Consentire ai Modelli Linguistici di Apprendere Implicitamente il Miglioramento Automatico dai Dati
Enable Language Models to Implicitly Learn Self-Improvement From Data
October 2, 2023
Autori: Ziqi Wang, Le Hou, Tianjian Lu, Yuexin Wu, Yunxuan Li, Hongkun Yu, Heng Ji
cs.AI
Abstract
I modelli linguistici di grandi dimensioni (LLM) hanno dimostrato capacità notevoli nei compiti di generazione di testo aperta. Tuttavia, la natura intrinsecamente aperta di questi compiti implica che ci sia sempre spazio per migliorare la qualità delle risposte del modello. Per affrontare questa sfida, sono stati proposti vari approcci per migliorare le prestazioni degli LLM. Si è registrato un crescente interesse nel consentire agli LLM di auto-migliorare la qualità delle loro risposte, riducendo così la dipendenza da estesi sforzi di annotazione umana per raccogliere dati di formazione diversificati e di alta qualità. Recentemente, i metodi basati su prompt sono stati ampiamente esplorati tra i metodi di auto-miglioramento grazie alla loro efficacia, efficienza e convenienza. Tuttavia, questi metodi richiedono solitamente rubriche esplicite e dettagliate come input per gli LLM. È costoso e impegnativo derivare e fornire manualmente tutte le rubriche necessarie con un obiettivo complesso di miglioramento nel mondo reale (ad esempio, essere più utili e meno dannosi). A tal fine, proponiamo un framework di auto-miglioramento implicito (PIT) che apprende implicitamente l'obiettivo di miglioramento dai dati di preferenza umana. PIT richiede solo dati di preferenza utilizzati per addestrare modelli di ricompensa senza ulteriori sforzi umani. Nello specifico, riformuliamo l'obiettivo di formazione dell'apprendimento per rinforzo basato su feedback umano (RLHF) — invece di massimizzare la qualità della risposta per un dato input, massimizziamo il divario di qualità della risposta condizionata su una risposta di riferimento. In questo modo, PIT viene addestrato implicitamente con l'obiettivo di migliorare l'allineamento con le preferenze umane. Esperimenti su due dataset del mondo reale e uno sintetico mostrano che il nostro metodo supera significativamente i metodi basati su prompt.
English
Large Language Models (LLMs) have demonstrated remarkable capabilities in
open-ended text generation tasks.

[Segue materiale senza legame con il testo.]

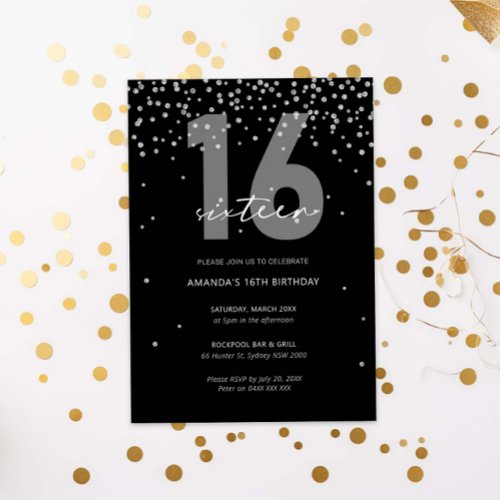 Silver and black glitter sparkle 16th birthday invitation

However, the inherent open-ended nature of
these tasks implies that there is always room for improvement in the quality of
model responses. To address this challenge, various approaches have been
proposed to enhance the performance of LLMs. There has been a growing focus on
enabling LLMs to self-improve their response quality, thereby reducing the
reliance on extensive human annotation efforts for collecting diverse and
high-quality training data. Recently, prompting-based methods have been widely
explored among self-improvement methods owing to their effectiveness,
efficiency, and convenience. However, those methods usually require explicitly
and thoroughly written rubrics as inputs to LLMs. It is expensive and
challenging to manually derive and provide all necessary rubrics with a
real-world complex goal for improvement (e.g., being more helpful and less
harmful). To this end, we propose an ImPlicit Self-ImprovemenT (PIT) framework
that implicitly learns the improvement goal from human preference data. PIT
only requires preference data that are used to train reward models without
extra human efforts. Specifically, we reformulate the training objective of
reinforcement learning from human feedback (RLHF) -- instead of maximizing
response quality for a given input, we maximize the quality gap of the response
conditioned on a reference response. In this way, PIT is implicitly trained
with the improvement goal of better aligning with human preferences.
Experiments on two real-world datasets and one synthetic dataset show that our
method significantly outperforms prompting-based methods.